The shoe factory break was the most sensational since the memorable "town safe" robbery, nearly 25 years ago, when the robbers secured a large amount in valuable bonds and cash.

Mr. Crandall is none worse for the night's excitement, except that it was quite a shock to his nerves; but he showed no white feather.  He is glad however, that the company are not heavy losers by the robbery.

The greatest loss to the corporation will probably be the damage to the safe.  So far as can be learned, no tools of value were taken.

Little else has been left on record of the crime, although it remained in the memory of the Alden family which managed he factory at the time, and was later passed down through the Barden family.  In 1989, George M. Barden, Jr., recalled the incident in the pages of the Middleborough Antiquarian and told a slightly different version in which Crandall, while not implicated in the robbery itself, was culpable for permitting unfettered access to the factory by the perpetrators.

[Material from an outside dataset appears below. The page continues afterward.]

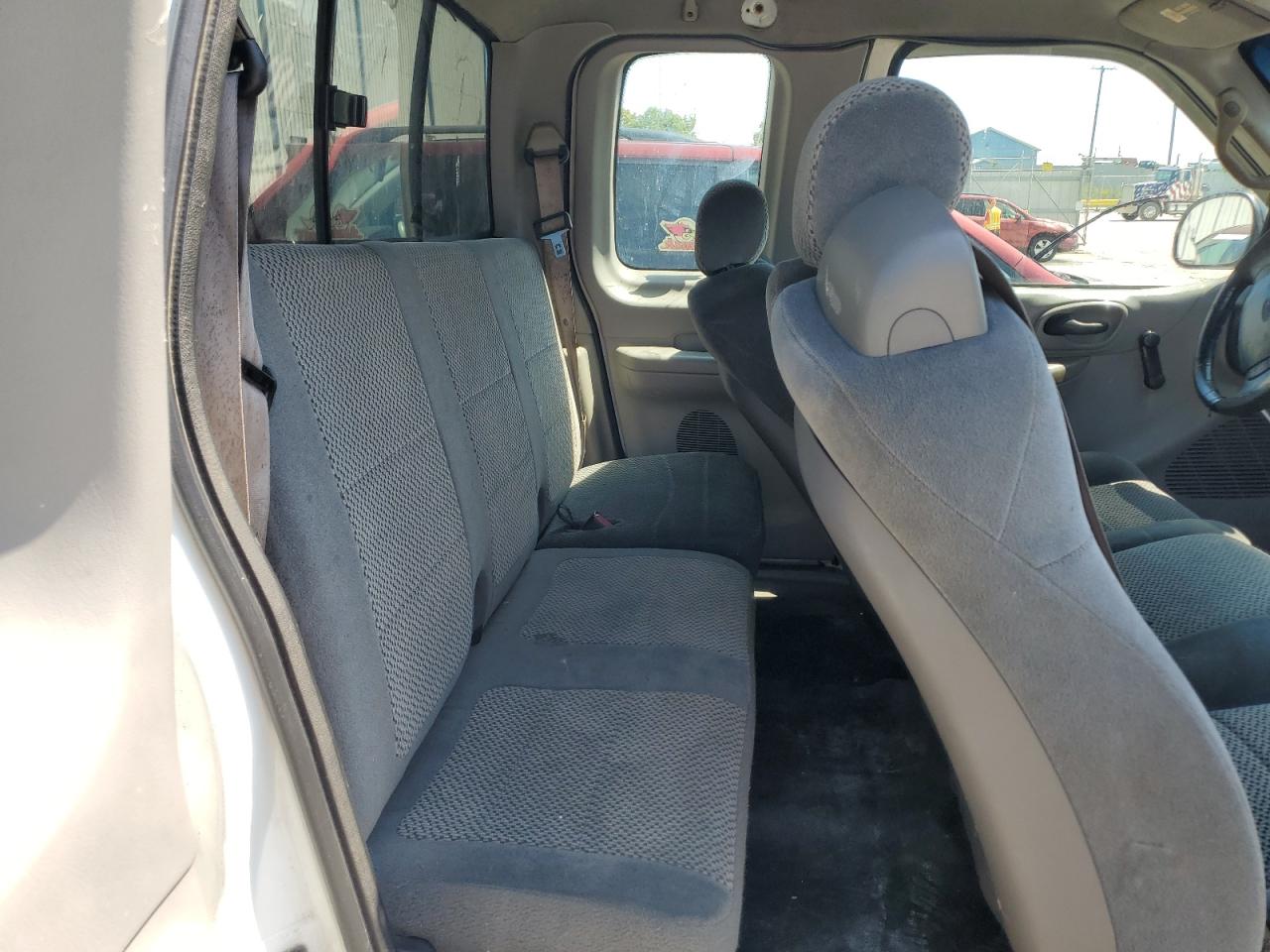 2000 Ford F150 VIN: 1FTRX18L9YNB88412 Lot: 69318865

Hathaway, Soule & Harrington employed a Civil War veteran to serve as night watchman at the factory.  He would come to work in the evening and spend the night all alone in the five-storied building, making the rounds periodically to make sure everything was secure.  When two congenial young strangers made his acquaintance and offered to keep him company through his lonely hours he was only too glad to accept.  For a week or more they spent almost every night with him at the factory, whiling away the time at checkers and listening to his tales of Civil War adventures.  They also took note of his inspection routine.  Finally, one fateful night, after the three had finished the midnight lunch, one of the strangers said:

"Old man, we are going to tie you in your chair to keep you out of trouble and then you will hear an explosion louder than anything you ever heard in the Civil War!"

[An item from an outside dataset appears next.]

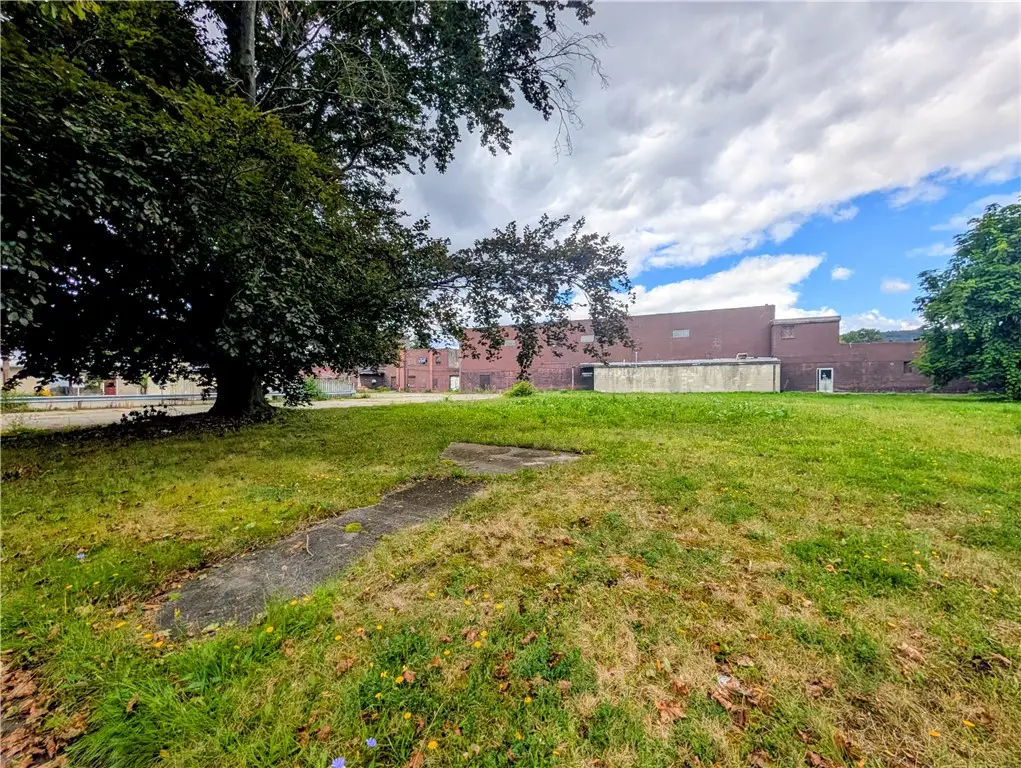 909 Davis Street, Elmira, NY 14901 - #1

Within minuted the watchman was securely tied to his chair and the promised explosion, when the strangers blew the door off the safe in the office, was indeed impressive.  Their carefully planned getaway involved the use of a railroad handcar, the old-fashioned kind that was powered by hand pumping, previously placed by the yeggs on the tracks that ran just behind the factory.  Taking their bag of loot, they raced to the handcar and began pumping feverishly to put Middleboro behind them as fast as possible - a scene right out of the Keystone Cops.  Family tradition has told this writer that they made it to Bridgewater before they were apprehended and the loot recovered.

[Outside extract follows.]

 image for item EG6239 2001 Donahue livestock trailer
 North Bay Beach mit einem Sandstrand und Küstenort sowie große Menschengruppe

Despite the impression left by Barden's account, the perpetrators appear to have gone undiscovered for at least a short period of time as indicated by the Middleboro Gazette which reported that "the recent Hathaway, Soule & Harrington burglary case is in the hands of two of the most skillful detectives in this section."  While there was much initial uncertainty regarding the amount of money taken from the safe, the newspaper report confirmed that "the amount taken by he cracksmen is now definitely determined to have been less than $50."  Though the burglars had hoped to discover the firm's large payroll in the safe, a number of developments had conspired against them including a recent state law which required employees of corporations to be paid weekly and with which the firm had been in compliance with since the summer.  Most crucially and for reasons now unknown, the payroll was not placed in the factory safe on Thursday, October 24.

Barden, George M., Jr.  Middleborough Antiquarian, "A Shoe Business, A Robbery and a Fire", 27: 3, December, 1989, 5+.
Middleboro Gazette, "Bold Burglars", October 25, 1895:4; "Middleboro", November 1, 1895:4; "Twenty-Five Years Ago", August 6, 1920:2.